The Loss of Access Copyright Royalties and the Effect on Publishers: Sifting Fact from Fiction (Part 1)

79154On May 29, 2014 the Quill & Quire published an article with the sensational title “Why the loss of Access Copyright royalties could be devastating for educational publishers”. Julie Baldassi, the Q&Q staff reporter who wrote the article, advances the thesis and leads the reader to the supposedly inescapable conclusion (despite occasionally inserting words such as “perhaps” or “could”) that the decision of many educational institutions to sever their ties with Access Copyright has already wreaked havoc with publishers and will continue to be. This is a first of a series of posts in which I examine that thesis and conclusions to see if they hold up to scrutiny. Spoiler alert: they don’t.

The Fiction

To support her thesis, Baldassi provides several anecdotes and quotes from a carefully selected sample of educational publishers: two university presses (Oxford University Press and Wilfrid Laurier University Press; the one is large, old, and global, while the other is small, young, and local); one large, multinational, and publicly traded commercial publisher (McGraw-Hill Ryerson); and two small, independent and local publishers (Fernwood Publishing, Broadview Press). The message arising from this diverse group of publishers is supposedly the same: the loss of Access Copyright royalties has indeed been devastating for educational publishers.

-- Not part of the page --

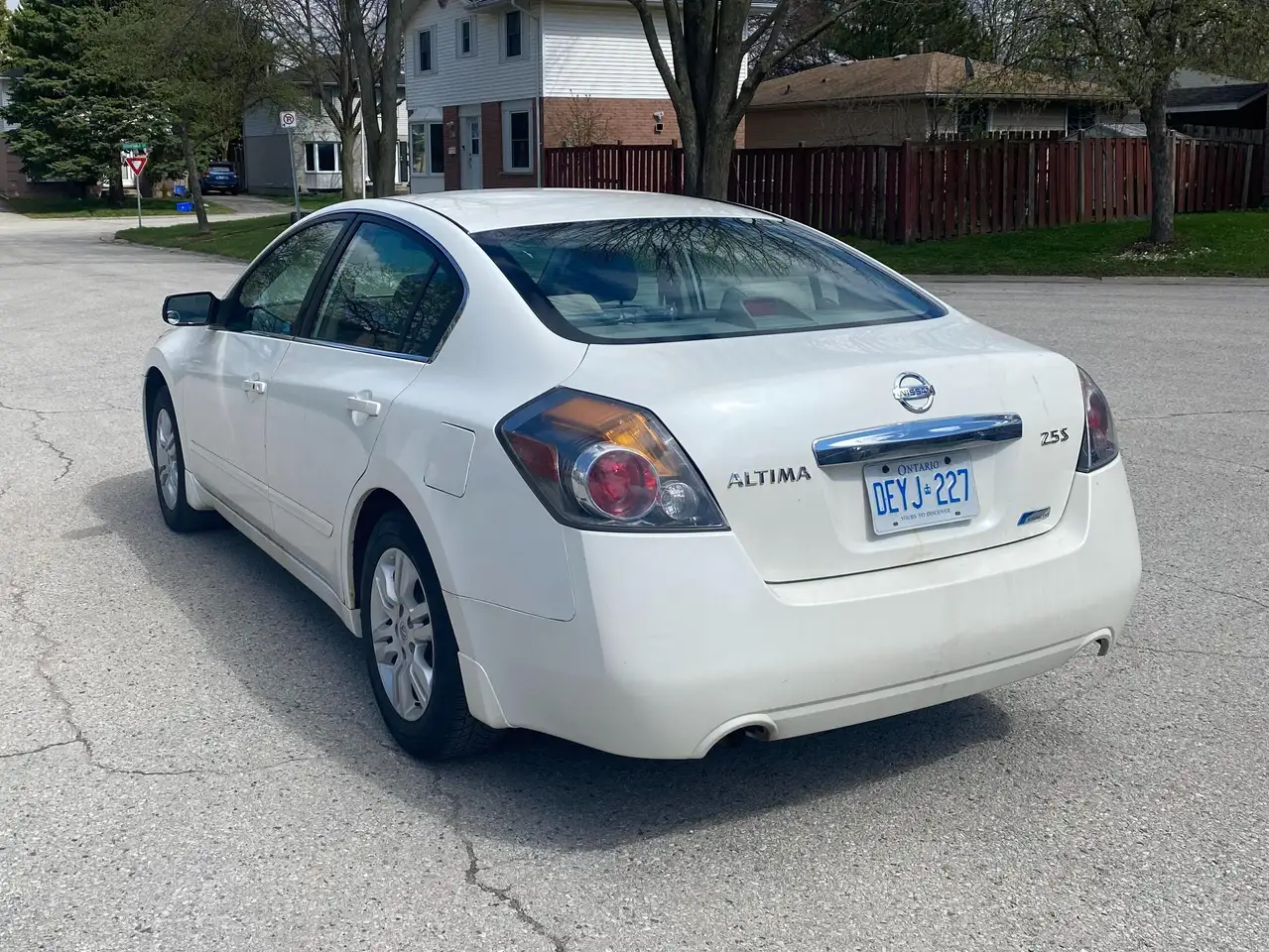 Nissan Altima снимка Nissan Altima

Baldassi relies on two concrete examples to support her general assertions: one, the decision of Oxford University Press to eliminate three jobs and close its Canadian K-12 division, and, two, a claim made by Broadview Press that sales of the second edition of The Broadview Anthology of Poetry declined by 70% between 2011 and 2013. These incidents are supposed to be the smoking guns, the unequivocal evidence proving the direct impact of educators’ decision to discontinue their relationships with Access Copyright.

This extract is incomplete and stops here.